Stephen Totterdell checks out Irish director John Carney‘s Begin Again, which opened this year’s Galway Film Fleadh.
Take Once, set it in NYC, and turn the emotions up as far as they’ll go – you’ve got an approximation of Begin Again. Despite this, John Carney’s latest film works with one of the sharpest screenplays of the last few years. Add to that a hugely endearing Mark Ruffalo (who I predict will soon get the Bryan Cranston treatment), as well as Ray Romano, and there’s something refreshing about this film. In the ’70s, Woody Allen refused directorial preciousness with Annie Hall – inventing the subtitles scene, the animated scene, the layered flashbacks; and anything to keep the film fresh and engaging. It looks like John Carney has taken a similar approach, playfully subverting both Hollywoood’s and the audience’s expectations. This feels like it comes out of a genuine anxiety of “selling out”, and indeed the film’s themes mirror this anxiety.
Mark Ruffalo plays a down-and-out family man and former indie record label owner, whose personal issues have cost him everything. When he stumbles across Keira Knightley’s poorly received open mic performance in New York, his contrarian nature tells him that she could be – with a little work – an important artist. While her former partner and ex-boyfriend becomes a music legend, her passion for the craft at the expense of success sees her living hand-to-mouth.
Carney introduces a number of familiar cinematic elements, only to undercut these moments with a dexterity subtler than anything stock postmodernism could achieve. When James Corden invites Keira Knightley to perform at a gig, she is reluctant. This reluctancy is followed by an arc-friendly acquiescence. Then, rather than provoking the awe we expect, she bombs. This development is subverted again by a moment I won’t spoil. The film is full of this playfulness, and refusal to be precious about its subject matter.
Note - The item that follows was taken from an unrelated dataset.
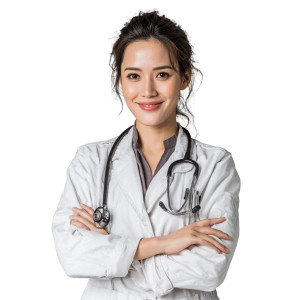 Smiling Asian Nurse Vinyl Car Decal Sticker – Waterproof & UV-Resistant 3.4133333333333336"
Although Carney clearly wrestles with the move from Irish film to Hollywood, he manages to marry Hollywood’s sentimentalism with a low-key sense of humour that sounds a note akin to a few other young U.S. directors. Along with Joseph Gordon Levitt and Ryan Gosling, Carney is determined not to follow the beaten path. The vogue today is for artists to reject the establishment in order to carve out their own unique careers, and the rise of Kickstarter films along with indie publishers and Twitter successes fits nicely with this film. That its message can be tied to a very American message (Emerson’s ideas on self-reliance and ignoring the crowd aren’t exactly new) reveals it to be less revolutionary than it wants to be, but that it does so within a stringently anti-risk industry and that Ruffalo and Knightley’s journeys clearly mirror Carney’s give this philosophy a visceral affirmation.
Structurally the film operates on a strange level. The A plot and the B plot don’t overlap in the way that one expects. It’s as if we are watching two different films spliced together.
Both Knightley and Ruffalo have been on the path previously tread by Matthew McConnaughey, albeit at slower speeds. That so many artists eventually come to reject easy success in order to pursue what they’re passionate about is a nice trend in American cinema right now. There should be films that reflect this spirit. This film brings hope – a qualified hope – for the future of American cinema. It’s not great. But it is interesting.